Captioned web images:
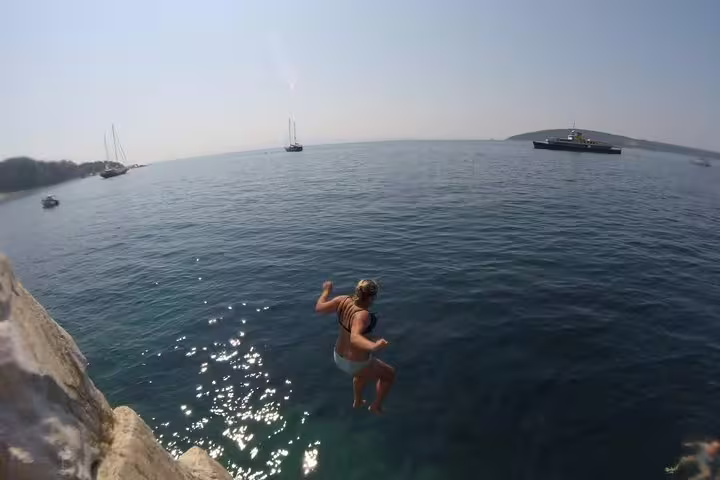 Traveler cliff jumping into clear Adriatic near Split, Croatia, during sea kayaking and snorkeling tour stop
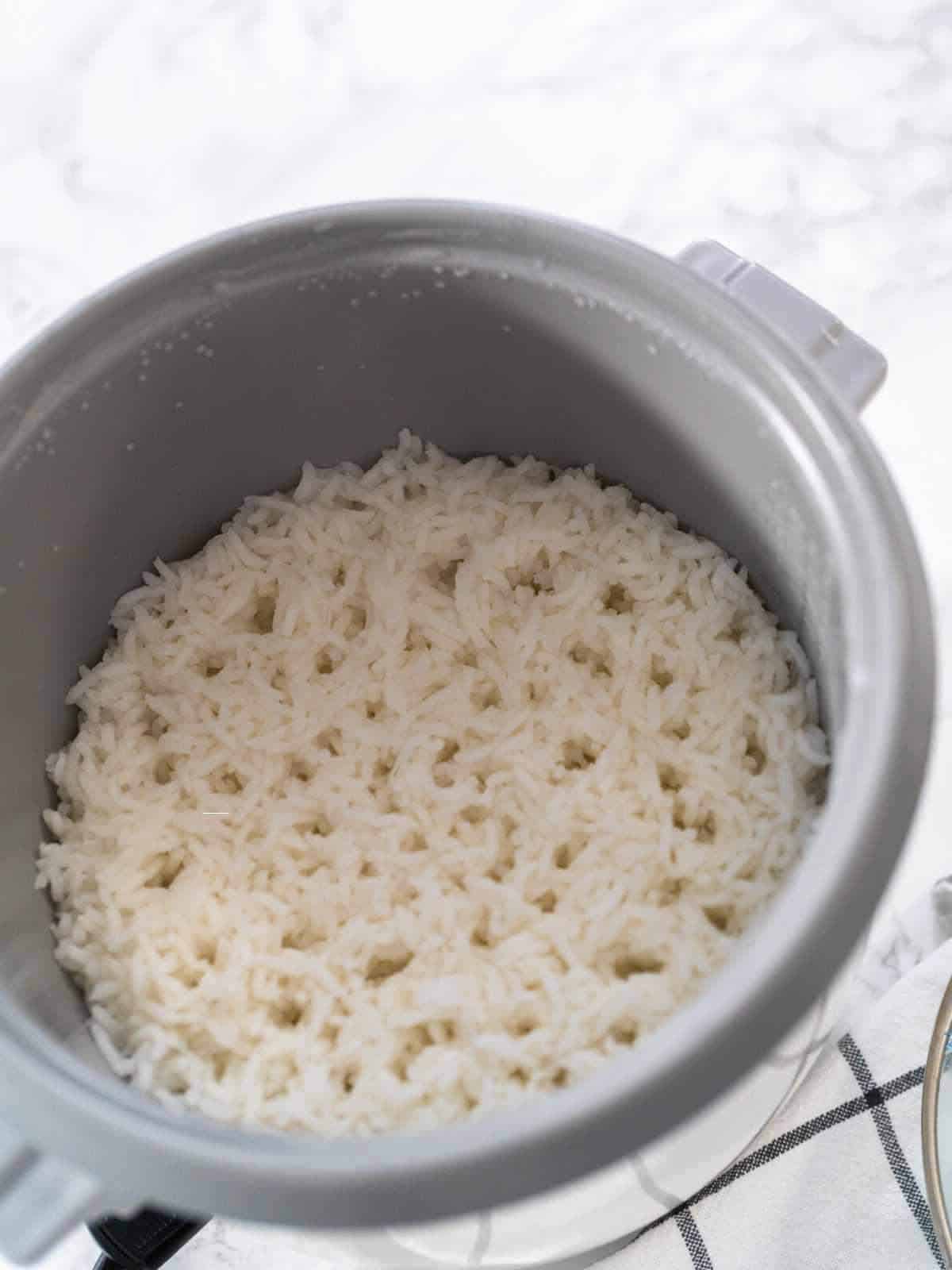 Cooked white rice inside a rice cooker, with the lid open and the fluffy grains visible. The rice cooker sits on a white surface with a checkered cloth partially visible nearby.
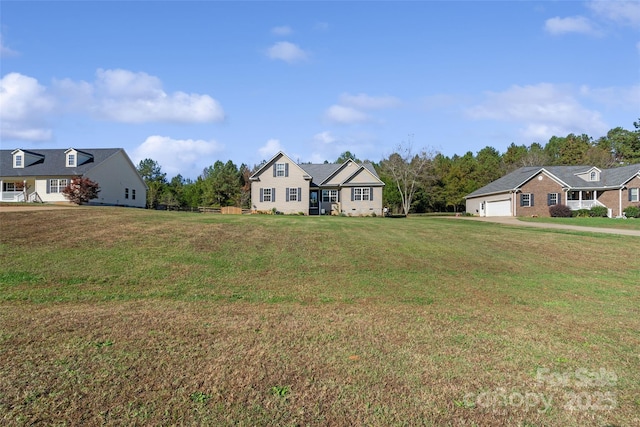 view of front of property with a garage and a front yard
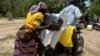 FILE - A Cameroonian displaced woman is seen loading her donated food onto a motorcycle outside a distribution center in Koza, in the extreme northern province, west of the Nigerian border, Sept. 14, 2016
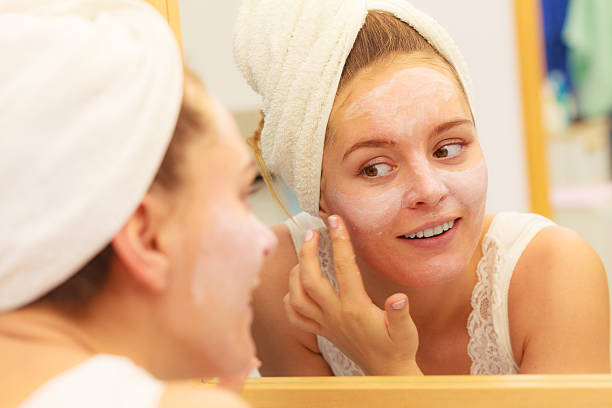istock Woman applying mask cream on face in bathroom 599882258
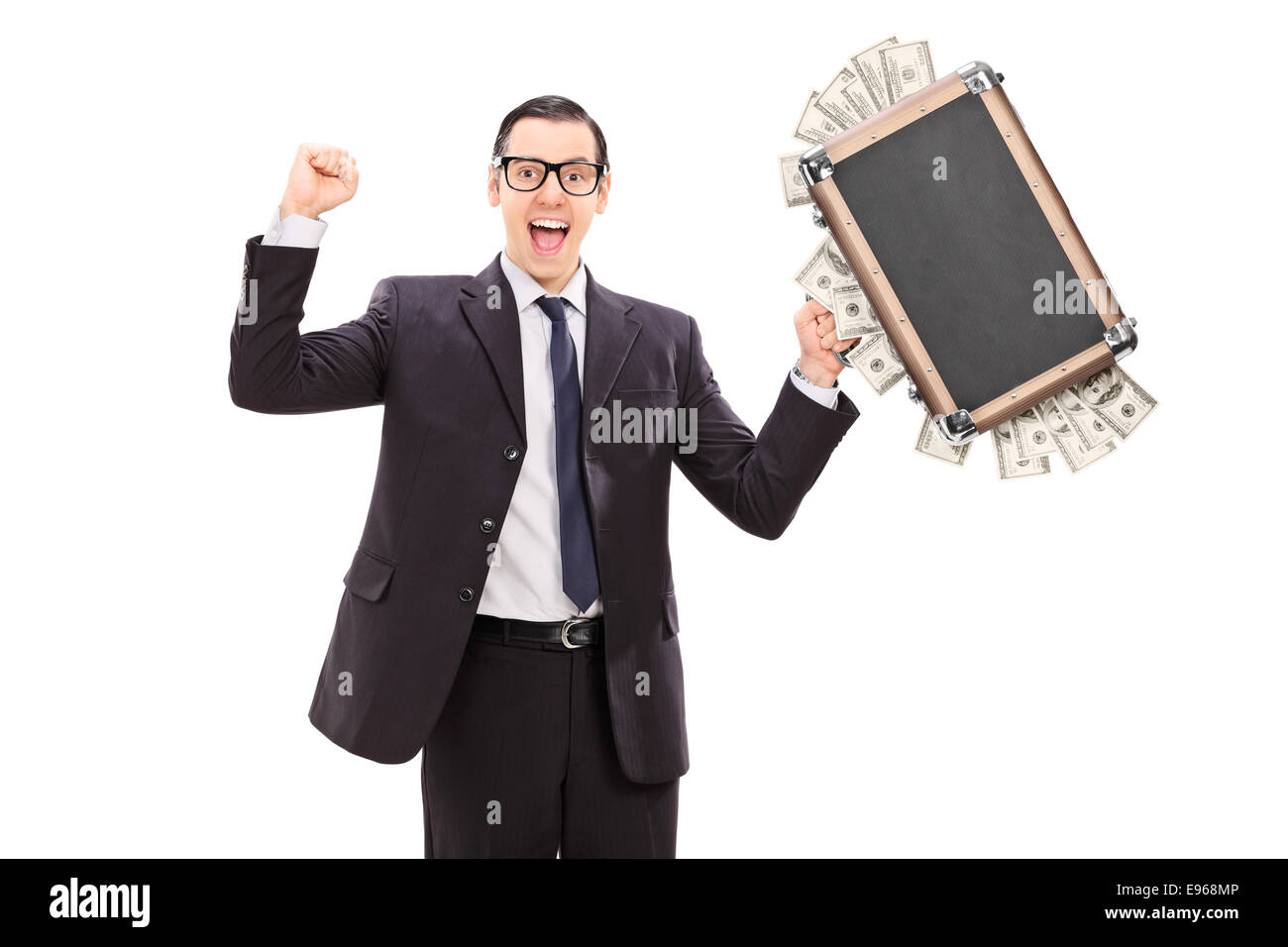 Imprenditore entusiasta tenendo un sacchetto pieno di denaro isolato su sfondo bianco Foto Stock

**Problem description**
An exact copy of every record above is needed, with all pictures left out.

**Task answer**
 Traveler cliff jumping into clear Adriatic near Split, Croatia, during sea kayaking and snorkeling tour stop
 Cooked white rice inside a rice cooker, with the lid open and the fluffy grains visible. The rice cooker sits on a white surface with a checkered cloth partially visible nearby.
 view of front of property with a garage and a front yard
 FILE - A Cameroonian displaced woman is seen loading her donated food onto a motorcycle outside a distribution center in Koza, in the extreme northern province, west of the Nigerian border, Sept. 14, 2016
istock Woman applying mask cream on face in bathroom 599882258
 Imprenditore entusiasta tenendo un sacchetto pieno di denaro isolato su sfondo bianco Foto Stock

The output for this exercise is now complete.